(Problem to solve): In the records below, find the line with "Makita dlx3106tw1 |" and the line with "Flag of Bedfordshire Satin Ribbon (Spool)"; return exactly those lines and every line between them.

(Records for the task):
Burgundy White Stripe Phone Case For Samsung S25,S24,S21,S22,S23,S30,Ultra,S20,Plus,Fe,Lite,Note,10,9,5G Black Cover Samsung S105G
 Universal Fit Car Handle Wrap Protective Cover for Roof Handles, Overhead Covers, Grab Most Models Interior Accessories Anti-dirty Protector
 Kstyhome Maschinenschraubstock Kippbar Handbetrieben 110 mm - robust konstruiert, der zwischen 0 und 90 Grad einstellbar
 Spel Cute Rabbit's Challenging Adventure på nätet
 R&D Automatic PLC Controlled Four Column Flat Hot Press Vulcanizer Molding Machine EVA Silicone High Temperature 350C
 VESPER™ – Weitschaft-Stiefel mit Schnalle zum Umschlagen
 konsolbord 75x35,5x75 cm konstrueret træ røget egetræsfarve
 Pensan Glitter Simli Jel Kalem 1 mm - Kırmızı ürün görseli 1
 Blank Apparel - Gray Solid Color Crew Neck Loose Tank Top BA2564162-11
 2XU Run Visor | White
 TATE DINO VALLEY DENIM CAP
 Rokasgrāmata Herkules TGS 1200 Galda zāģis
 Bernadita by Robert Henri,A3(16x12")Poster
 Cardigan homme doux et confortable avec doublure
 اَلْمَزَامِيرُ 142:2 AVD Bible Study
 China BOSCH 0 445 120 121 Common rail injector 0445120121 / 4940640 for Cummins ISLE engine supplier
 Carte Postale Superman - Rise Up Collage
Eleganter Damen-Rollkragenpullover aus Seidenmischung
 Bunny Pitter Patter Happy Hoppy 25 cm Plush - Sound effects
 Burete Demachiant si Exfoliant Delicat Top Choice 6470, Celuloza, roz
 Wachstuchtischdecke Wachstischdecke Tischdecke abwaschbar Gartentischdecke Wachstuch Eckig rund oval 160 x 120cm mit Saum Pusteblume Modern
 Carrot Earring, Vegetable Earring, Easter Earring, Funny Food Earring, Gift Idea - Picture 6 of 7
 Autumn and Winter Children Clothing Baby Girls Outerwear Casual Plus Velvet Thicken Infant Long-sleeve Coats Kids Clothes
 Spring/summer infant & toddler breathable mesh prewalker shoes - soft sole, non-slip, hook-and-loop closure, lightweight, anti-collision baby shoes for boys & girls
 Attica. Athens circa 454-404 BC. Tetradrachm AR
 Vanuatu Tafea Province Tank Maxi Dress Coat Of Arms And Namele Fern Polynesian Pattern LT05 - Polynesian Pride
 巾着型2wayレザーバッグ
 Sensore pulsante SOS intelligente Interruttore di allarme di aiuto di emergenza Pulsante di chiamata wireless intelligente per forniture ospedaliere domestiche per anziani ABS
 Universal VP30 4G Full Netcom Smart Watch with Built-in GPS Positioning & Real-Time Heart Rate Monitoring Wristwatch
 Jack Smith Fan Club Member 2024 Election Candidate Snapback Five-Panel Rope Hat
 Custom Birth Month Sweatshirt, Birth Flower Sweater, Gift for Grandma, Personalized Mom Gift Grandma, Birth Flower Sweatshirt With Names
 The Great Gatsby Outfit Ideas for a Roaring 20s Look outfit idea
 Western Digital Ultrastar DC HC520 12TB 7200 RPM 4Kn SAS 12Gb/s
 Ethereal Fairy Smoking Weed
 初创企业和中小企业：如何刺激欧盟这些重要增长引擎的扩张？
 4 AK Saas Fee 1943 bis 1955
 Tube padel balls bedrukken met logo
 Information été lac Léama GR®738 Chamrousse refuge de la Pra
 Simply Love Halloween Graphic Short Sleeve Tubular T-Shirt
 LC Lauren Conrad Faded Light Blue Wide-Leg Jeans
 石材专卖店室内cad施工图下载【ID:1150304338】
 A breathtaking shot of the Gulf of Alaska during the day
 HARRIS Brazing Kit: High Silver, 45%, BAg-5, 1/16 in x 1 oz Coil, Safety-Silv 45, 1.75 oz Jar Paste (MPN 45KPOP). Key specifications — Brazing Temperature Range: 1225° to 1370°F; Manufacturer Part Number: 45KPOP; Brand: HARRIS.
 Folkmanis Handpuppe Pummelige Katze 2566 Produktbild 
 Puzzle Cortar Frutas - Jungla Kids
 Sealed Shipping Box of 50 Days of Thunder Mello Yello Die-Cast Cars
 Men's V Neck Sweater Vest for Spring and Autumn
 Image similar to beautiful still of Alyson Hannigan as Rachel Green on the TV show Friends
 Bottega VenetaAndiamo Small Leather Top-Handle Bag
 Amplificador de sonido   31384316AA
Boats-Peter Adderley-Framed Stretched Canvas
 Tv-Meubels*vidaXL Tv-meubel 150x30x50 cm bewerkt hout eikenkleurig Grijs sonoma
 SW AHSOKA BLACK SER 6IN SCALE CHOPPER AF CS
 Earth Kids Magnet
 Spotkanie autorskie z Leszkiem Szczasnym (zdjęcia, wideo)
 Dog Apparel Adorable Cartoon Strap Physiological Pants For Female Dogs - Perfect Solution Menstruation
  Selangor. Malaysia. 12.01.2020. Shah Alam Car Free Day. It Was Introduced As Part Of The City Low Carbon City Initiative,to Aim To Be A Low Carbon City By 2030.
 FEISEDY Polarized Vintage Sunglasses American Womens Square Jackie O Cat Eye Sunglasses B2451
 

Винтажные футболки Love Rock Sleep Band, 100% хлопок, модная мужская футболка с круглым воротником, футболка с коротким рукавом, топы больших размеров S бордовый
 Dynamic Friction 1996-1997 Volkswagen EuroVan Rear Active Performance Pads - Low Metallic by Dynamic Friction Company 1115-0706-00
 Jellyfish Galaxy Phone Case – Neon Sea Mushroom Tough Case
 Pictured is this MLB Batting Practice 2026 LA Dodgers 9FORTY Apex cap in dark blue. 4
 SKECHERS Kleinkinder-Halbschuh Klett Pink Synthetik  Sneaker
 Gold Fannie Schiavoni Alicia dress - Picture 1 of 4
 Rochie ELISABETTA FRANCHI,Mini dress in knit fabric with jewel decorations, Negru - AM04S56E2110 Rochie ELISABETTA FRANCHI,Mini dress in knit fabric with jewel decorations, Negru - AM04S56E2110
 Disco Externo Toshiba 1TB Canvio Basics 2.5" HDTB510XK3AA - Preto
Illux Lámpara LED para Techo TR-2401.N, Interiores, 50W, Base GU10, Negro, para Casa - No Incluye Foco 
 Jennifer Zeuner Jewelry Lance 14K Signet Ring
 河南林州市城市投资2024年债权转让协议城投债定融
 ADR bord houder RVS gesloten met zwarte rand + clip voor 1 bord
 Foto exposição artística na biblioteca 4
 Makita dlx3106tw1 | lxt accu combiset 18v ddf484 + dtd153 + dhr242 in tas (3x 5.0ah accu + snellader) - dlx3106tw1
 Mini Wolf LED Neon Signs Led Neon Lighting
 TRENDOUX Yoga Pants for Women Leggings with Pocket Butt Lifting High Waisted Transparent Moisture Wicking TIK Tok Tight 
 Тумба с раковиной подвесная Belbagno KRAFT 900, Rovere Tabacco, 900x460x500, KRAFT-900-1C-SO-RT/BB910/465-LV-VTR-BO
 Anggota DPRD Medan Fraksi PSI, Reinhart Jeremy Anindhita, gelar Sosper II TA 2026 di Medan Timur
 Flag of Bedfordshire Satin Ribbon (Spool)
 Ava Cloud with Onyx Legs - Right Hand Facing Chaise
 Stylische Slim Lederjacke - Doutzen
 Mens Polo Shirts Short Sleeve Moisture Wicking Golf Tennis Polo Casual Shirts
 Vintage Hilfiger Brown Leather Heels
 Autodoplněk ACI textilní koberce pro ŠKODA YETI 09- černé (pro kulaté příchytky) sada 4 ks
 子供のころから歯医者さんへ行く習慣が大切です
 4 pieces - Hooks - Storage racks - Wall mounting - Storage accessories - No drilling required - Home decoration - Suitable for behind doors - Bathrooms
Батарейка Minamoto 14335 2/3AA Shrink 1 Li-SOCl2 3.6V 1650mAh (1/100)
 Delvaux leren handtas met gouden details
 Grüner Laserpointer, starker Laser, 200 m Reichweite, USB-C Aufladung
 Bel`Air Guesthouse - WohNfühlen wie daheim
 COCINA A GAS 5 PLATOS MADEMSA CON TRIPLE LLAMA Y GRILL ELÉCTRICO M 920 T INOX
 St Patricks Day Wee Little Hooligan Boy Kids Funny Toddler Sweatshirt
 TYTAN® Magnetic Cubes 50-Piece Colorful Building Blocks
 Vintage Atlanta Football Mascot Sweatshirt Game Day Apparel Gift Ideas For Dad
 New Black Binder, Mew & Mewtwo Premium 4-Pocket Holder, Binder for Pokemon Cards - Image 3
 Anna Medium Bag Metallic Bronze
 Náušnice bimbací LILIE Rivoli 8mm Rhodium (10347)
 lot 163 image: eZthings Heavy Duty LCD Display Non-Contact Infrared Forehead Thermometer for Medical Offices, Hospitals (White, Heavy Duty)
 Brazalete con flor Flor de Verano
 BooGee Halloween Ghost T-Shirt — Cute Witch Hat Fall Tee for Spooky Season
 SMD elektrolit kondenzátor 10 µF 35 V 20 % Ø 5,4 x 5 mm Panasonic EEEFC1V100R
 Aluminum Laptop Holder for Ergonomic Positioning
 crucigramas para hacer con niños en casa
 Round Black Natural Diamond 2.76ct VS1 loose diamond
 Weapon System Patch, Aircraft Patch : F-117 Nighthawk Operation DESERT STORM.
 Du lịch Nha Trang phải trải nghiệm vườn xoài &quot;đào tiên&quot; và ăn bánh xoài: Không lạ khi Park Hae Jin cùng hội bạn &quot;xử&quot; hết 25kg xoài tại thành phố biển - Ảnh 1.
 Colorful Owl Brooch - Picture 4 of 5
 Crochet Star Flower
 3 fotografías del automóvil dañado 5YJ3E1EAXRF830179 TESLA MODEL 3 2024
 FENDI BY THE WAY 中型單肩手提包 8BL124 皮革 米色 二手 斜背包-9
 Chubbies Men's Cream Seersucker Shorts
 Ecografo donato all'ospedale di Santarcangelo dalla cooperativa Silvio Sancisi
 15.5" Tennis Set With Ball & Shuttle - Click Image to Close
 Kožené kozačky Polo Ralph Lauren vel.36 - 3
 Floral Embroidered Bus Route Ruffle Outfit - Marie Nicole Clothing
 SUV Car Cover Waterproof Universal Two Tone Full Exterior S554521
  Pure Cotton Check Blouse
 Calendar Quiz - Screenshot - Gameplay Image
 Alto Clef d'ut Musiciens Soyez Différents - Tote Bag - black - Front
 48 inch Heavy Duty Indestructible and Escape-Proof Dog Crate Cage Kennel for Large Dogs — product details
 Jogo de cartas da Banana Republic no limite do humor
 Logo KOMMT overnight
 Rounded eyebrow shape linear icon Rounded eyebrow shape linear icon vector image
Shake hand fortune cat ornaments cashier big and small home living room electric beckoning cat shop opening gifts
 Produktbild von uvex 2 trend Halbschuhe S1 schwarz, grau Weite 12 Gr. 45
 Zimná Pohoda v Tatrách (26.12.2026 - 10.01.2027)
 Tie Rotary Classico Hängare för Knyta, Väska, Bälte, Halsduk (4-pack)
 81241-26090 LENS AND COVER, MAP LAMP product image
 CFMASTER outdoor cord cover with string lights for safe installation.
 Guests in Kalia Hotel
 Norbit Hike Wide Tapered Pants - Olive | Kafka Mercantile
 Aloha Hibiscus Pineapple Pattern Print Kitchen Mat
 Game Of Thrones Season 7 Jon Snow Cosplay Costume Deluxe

(Answer box):
 Makita dlx3106tw1 | lxt accu combiset 18v ddf484 + dtd153 + dhr242 in tas (3x 5.0ah accu + snellader) - dlx3106tw1
 Mini Wolf LED Neon Signs Led Neon Lighting
 TRENDOUX Yoga Pants for Women Leggings with Pocket Butt Lifting High Waisted Transparent Moisture Wicking TIK Tok Tight 
 Тумба с раковиной подвесная Belbagno KRAFT 900, Rovere Tabacco, 900x460x500, KRAFT-900-1C-SO-RT/BB910/465-LV-VTR-BO
 Anggota DPRD Medan Fraksi PSI, Reinhart Jeremy Anindhita, gelar Sosper II TA 2026 di Medan Timur
 Flag of Bedfordshire Satin Ribbon (Spool)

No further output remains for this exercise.